Capability-wise, VR offers so much. So why hasn’t VR made its way to the audiology clinic yet? Well mostly because of the challenge to specify, test and explore VR-based assessment methods. A good deal of research still needs to be carried out to explore and refine VR-based assessments adapted to specific user groups. Pioneering work in Oldenburg [3], at Oticon Medical [4] and within the BEARS project [5] have already made steps in that direction. The VR paradigms that are and will be developed will, in turn, need to be carried and supported by industrials and professional organisations to generate the scales required for VR-based assessment to be worthwhile from a health economic standpoint (whether for the private clinic or public institution and generally for our healthcare systems). The path has been laid down – we just need to walk along it.
Can VR/XR technology benefit from advances in audiology and acoustics?
If hearing research and clinical audiology are ripe for VR, what about the other way around? The VR industry (and other immersive technologies such as augmented or mixed reality – XR for short) has certainly understood that immersivity requires much more than realistic visuals. They appreciate that sound and touch are part of what makes XR immersion or plausibility so compelling and are keen on building more realistic acoustics for the user. But beyond what is already proposed, e.g. binaural spatialisation using generic HRTF, the next steps for VR is certainly the individualisation of acoustic signals to a specific user. Recent initiatives at the Facebook Reality Lab have surely taken a big step in that direction with a large hearing research team looking for ways not only to provide plausible acoustic experiences, but augmented hearing experiences. Where this will take us, we can only imagine. But surely what the XR industry ought to realise is that their acoustic individualisation strategies should be directed to satisfy both normal hearing users and people living with hearing loss and assistive devices. Bringing audiology into VR development is therefore a matter of inclusiveness and necessity.
References
1. Keidser G, Naylor G, Brungart DS, et al. The Quest for Ecological Validity in Hearing Science: What It Is, Why It Matters, and How to Advance It. Ear and Hearing 2020;41:5S-19S.

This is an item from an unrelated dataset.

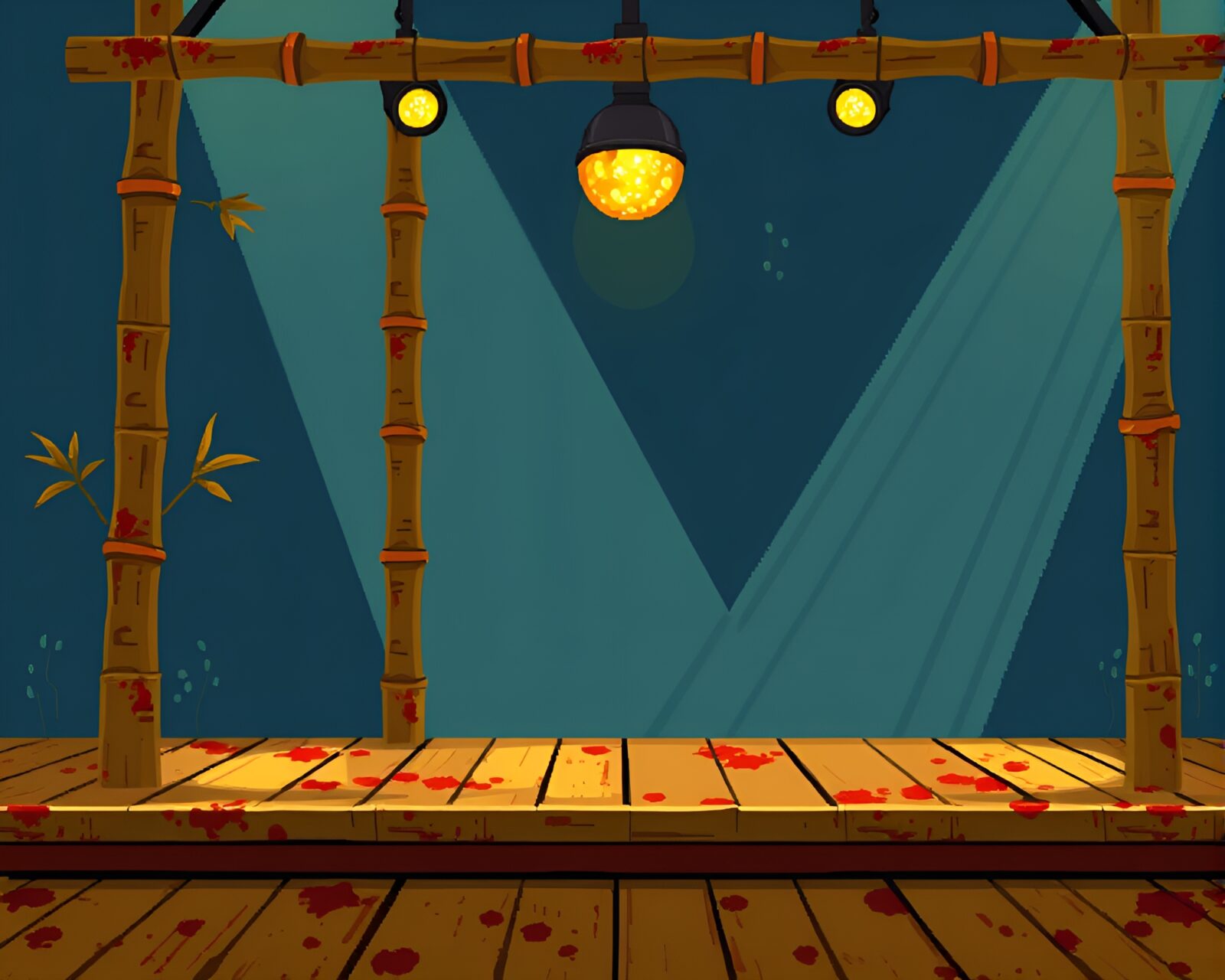 Glowing bamboo flute with rust streaks under pixelated stage lights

2. Cuevas-Rodríguez M, Picinali L, González-Toledo D, et al. 3D Tune-In Toolkit: An open-source library for real-time binaural spatialisation. PloS one 2019;14(3): e0211899.

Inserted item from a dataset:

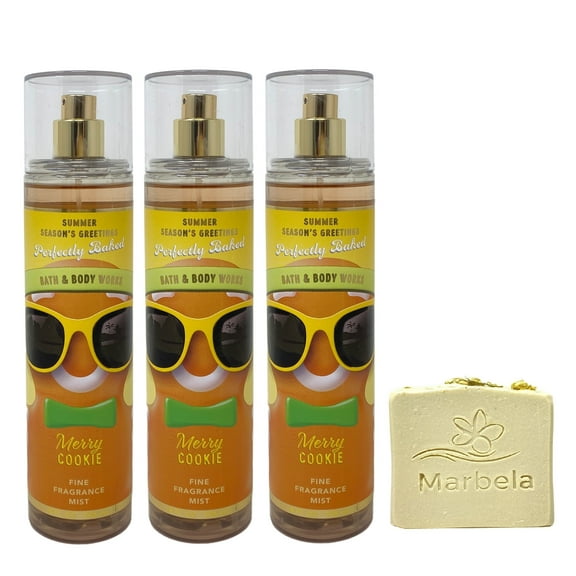 Bath & Body Works Merry Cookie 3 Pack Fragrance  Mist Bundle with a Wild Jasmine Bar Soap - Full Size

3. Fichna S, Biberger T, Seeber BU, Ewert SD. Effect of acoustic scene complexity and visual scene representation on auditory perception in virtual audio-visual environments. International Conference on Immersive and 3D Audio - IC3A 2021.

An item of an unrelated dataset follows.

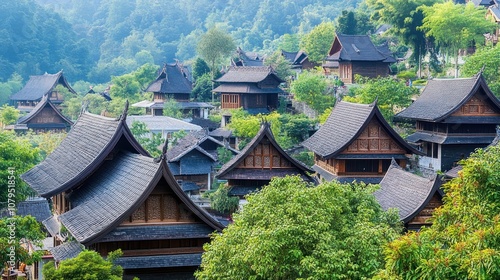 A scenic view of traditional wooden houses nestled among lush greenery in a mountainous area.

4. Lundby Pedersen R, Kajs N, Rico KMJ, et al. Virtual-Reality-based Research in Cochlear Implants: Oticon Medical’s Virtual Experiment Building Platform, 15th European Symposium on Paediatric Cochlear Implantation 2021.
5. Vickers D, Salorio-Corbetto M, Driver S, et al. Involving children and teenagers with bilateral cochlear implants in the design of the BEARS (Both EARS) virtual reality training suite improves personalization of the intervention. Frontiers in Digital Health 2021.
Declaration of Competing Interests: Francois Patou is employed as Senior Translational Research Manager at Oticon Medical.